- _Data to examine_

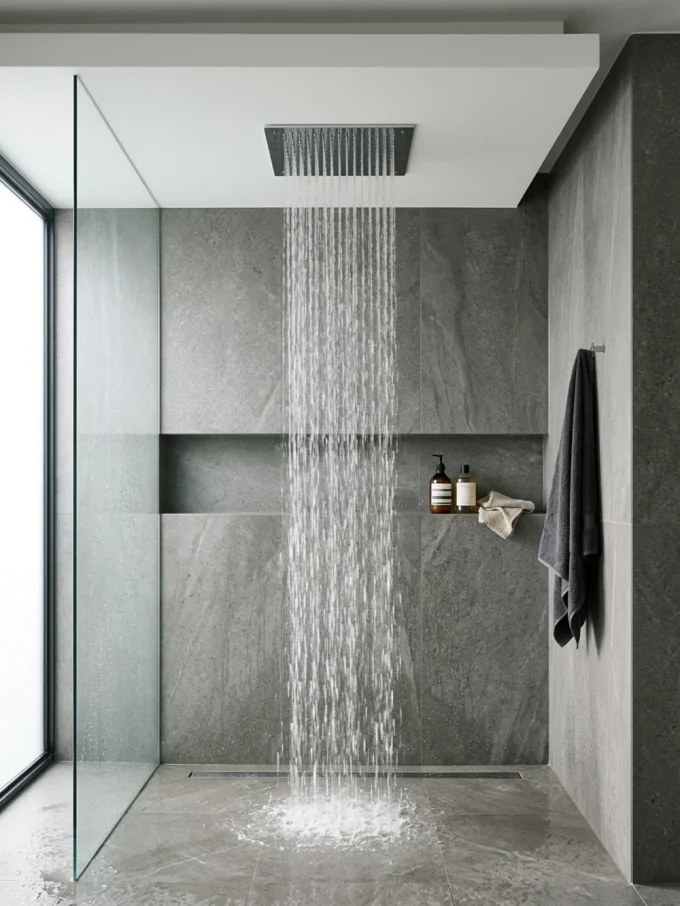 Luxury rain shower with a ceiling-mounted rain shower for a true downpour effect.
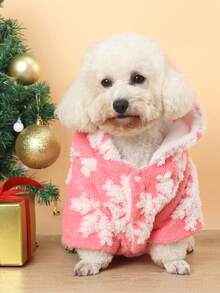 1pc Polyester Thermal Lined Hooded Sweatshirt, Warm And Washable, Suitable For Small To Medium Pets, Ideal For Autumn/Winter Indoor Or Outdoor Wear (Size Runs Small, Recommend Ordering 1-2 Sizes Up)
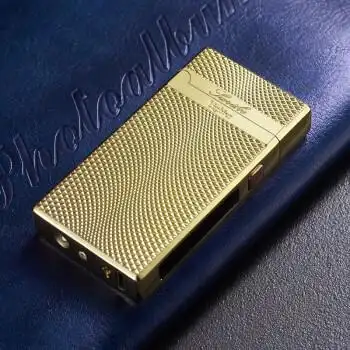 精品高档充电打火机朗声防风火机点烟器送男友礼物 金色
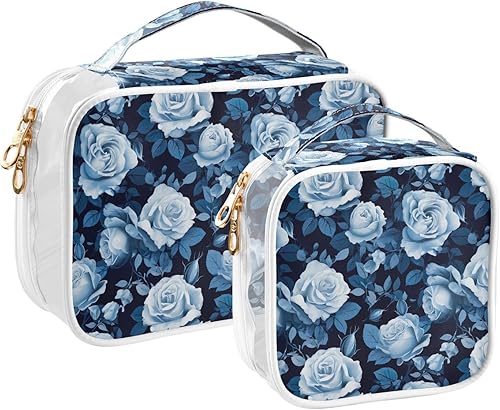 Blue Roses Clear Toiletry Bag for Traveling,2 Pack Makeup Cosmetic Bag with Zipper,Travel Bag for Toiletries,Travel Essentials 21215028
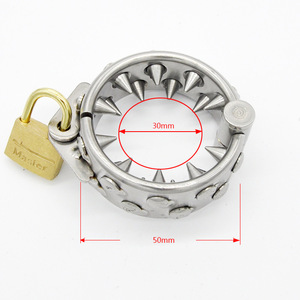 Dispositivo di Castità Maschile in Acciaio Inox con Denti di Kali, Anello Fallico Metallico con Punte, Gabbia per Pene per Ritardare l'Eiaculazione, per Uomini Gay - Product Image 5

...

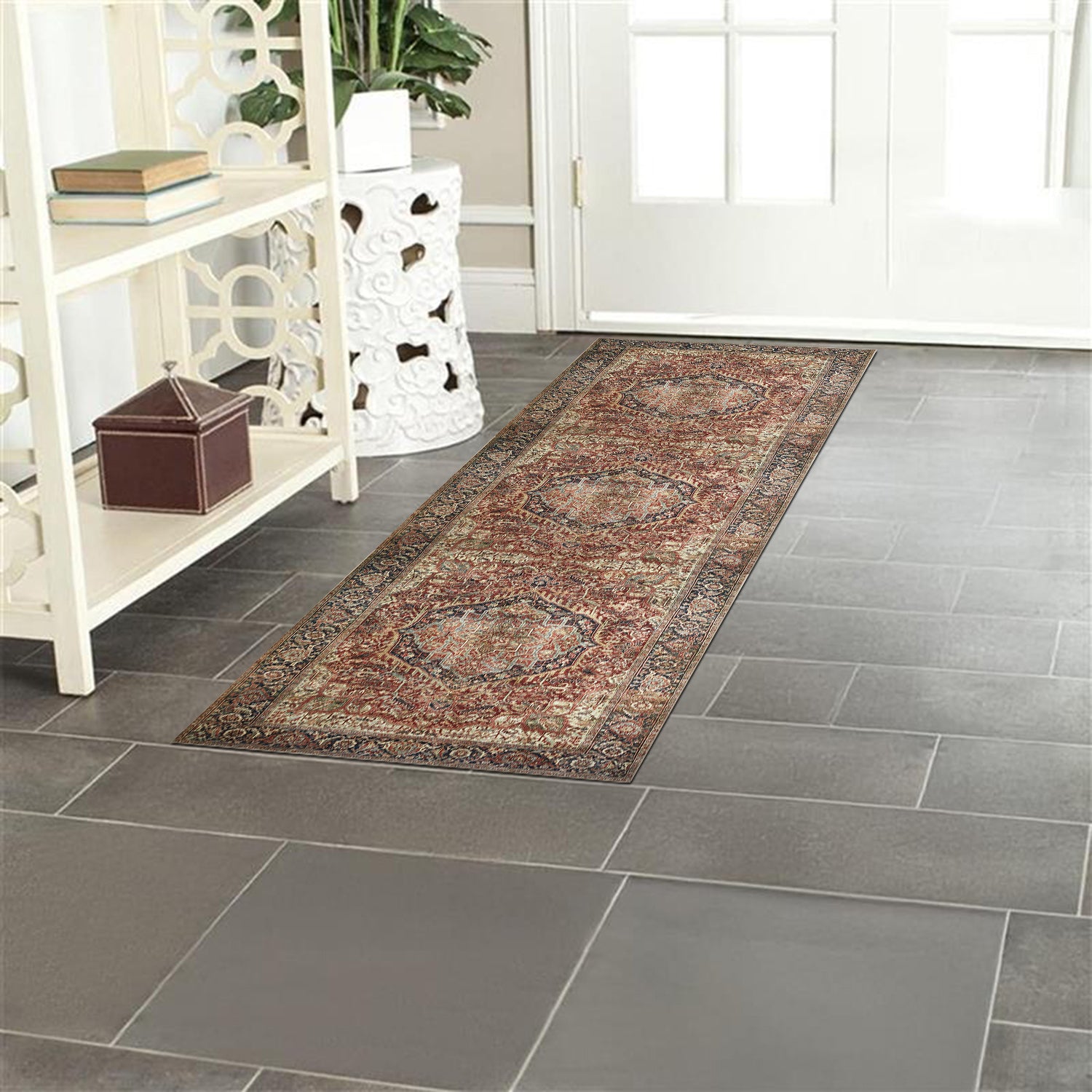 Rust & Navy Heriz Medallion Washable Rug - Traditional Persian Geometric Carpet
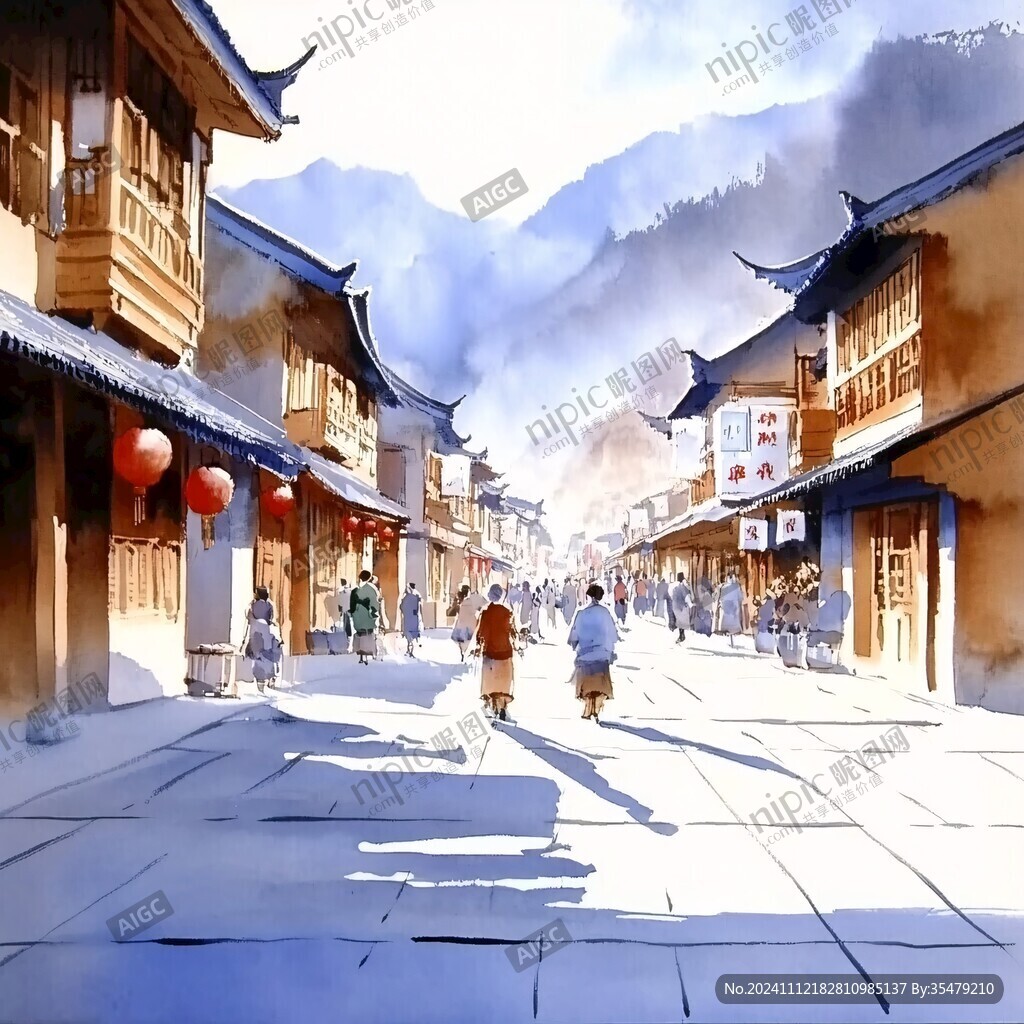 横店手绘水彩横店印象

==

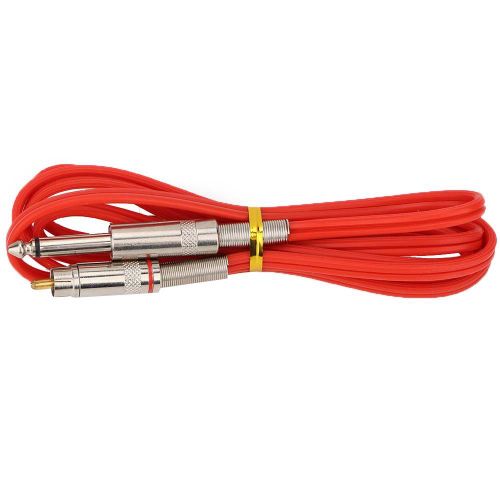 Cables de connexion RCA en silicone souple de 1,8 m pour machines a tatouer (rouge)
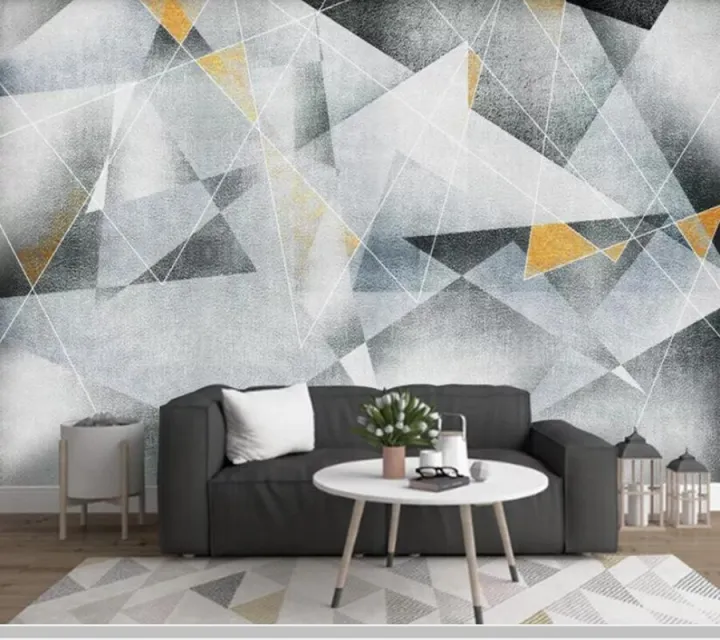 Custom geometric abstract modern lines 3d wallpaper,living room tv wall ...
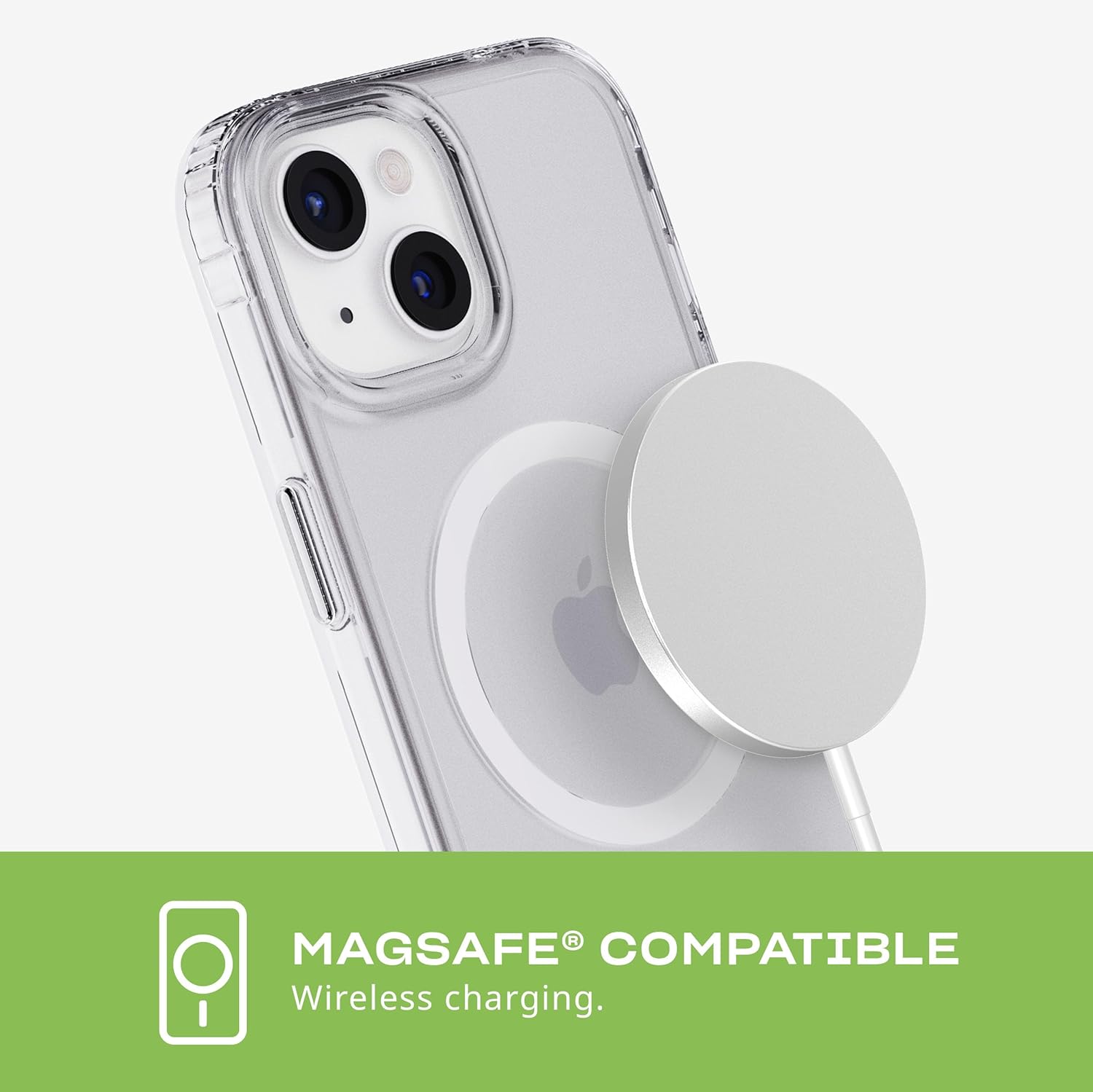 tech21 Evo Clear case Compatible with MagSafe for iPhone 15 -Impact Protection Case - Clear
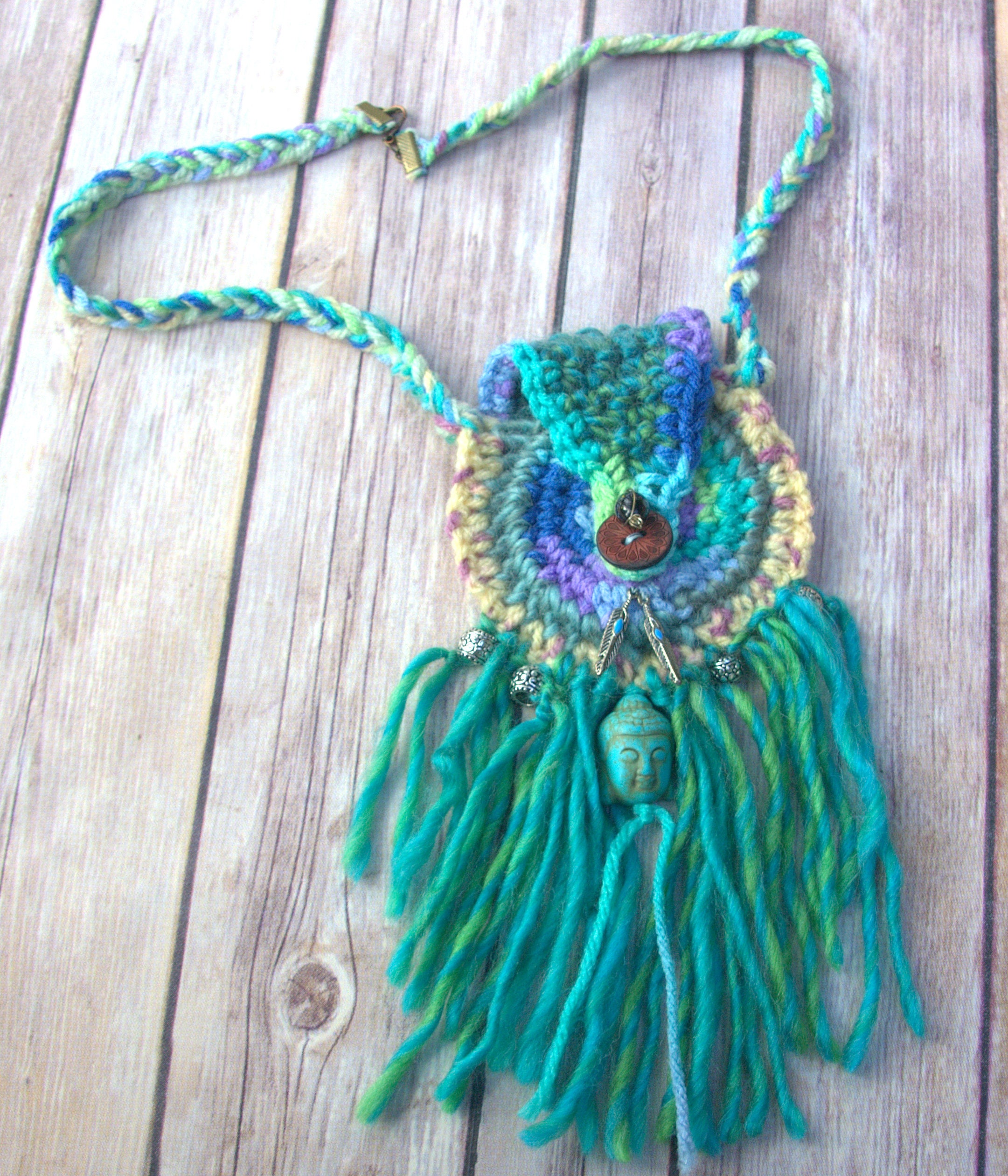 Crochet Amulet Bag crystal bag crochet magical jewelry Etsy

- _Activity_
Give the lines above again exactly, from the one containing "1pc Polyester Thermal" to the one containing "Blue Roses Clear", both included, but leave out the pictures.

- _Exercise solution_
 1pc Polyester Thermal Lined Hooded Sweatshirt, Warm And Washable, Suitable For Small To Medium Pets, Ideal For Autumn/Winter Indoor Or Outdoor Wear (Size Runs Small, Recommend Ordering 1-2 Sizes Up)
 精品高档充电打火机朗声防风火机点烟器送男友礼物 金色
 Blue Roses Clear Toiletry Bag for Traveling,2 Pack Makeup Cosmetic Bag with Zipper,Travel Bag for Toiletries,Travel Essentials 21215028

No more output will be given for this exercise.